A crowd-funding appeal has been launched by an unnamed “solicitor and businessman” to finance a judicial review over the government’s quarantine policy.

The individual, who said he had chosen to remain anonymous “in order to protect the identity of my children”, said he had launched the appeal having been forced to self-isolate on return from a family holiday to Croatia.

The “End the Quarantine” appeal had raised £4,585 of an initial target of £10,000 by 8am on Monday.

The case outlined on the Crowd Justice website says: “Like many other holidaymakers, businesspeople and other travellers, our lives have been significantly affected by this policy.

“Additionally, many people have been put off travelling and this is destroying the travel industry both here and abroad. Accordingly, we have decided to challenge these regulations.”
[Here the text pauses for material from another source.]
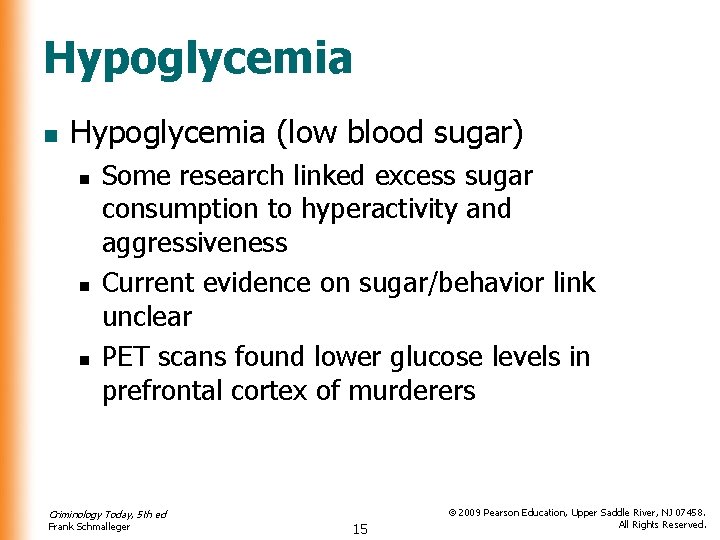 Hypoglycemia n Hypoglycemia (low blood sugar) n n n Some research linked excess sugar Hypoglycemia n Hypoglycemia (low blood sugar) n n n Some research linked excess sugar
It added: “People will be stunned to learn that the government has introduced these draconian measures without any scientific studies to back them up. In other words these measures are entirely arbitrary and irrational. As such it is my contention that these laws were passed illegally.

“The government has done so on the pretext that it is for our protection. If that is so, one has to query why they have not provided any scientific evidence. On the contrary, the deputy chief medical officer and SAGE have advised against it.

“I travel abroad with my family around six times per year which, if these regulations are allowed to continue, would potentially mean having to be under conditions of house arrest for almost a quarter of our lives each year.”

On Friday, prime minister Boris Johnson insisted current quarantine measures were a vital part of the UK’s “toolkit” for fighting Covid-19. However, the measures have faced growing opposition from industry and MPs, with calls for a testing regime to replace them.

When the measures were introduced in June, rival airlines British Airways, easyJet and Ryanair launched a legal challenge before putting it on hold.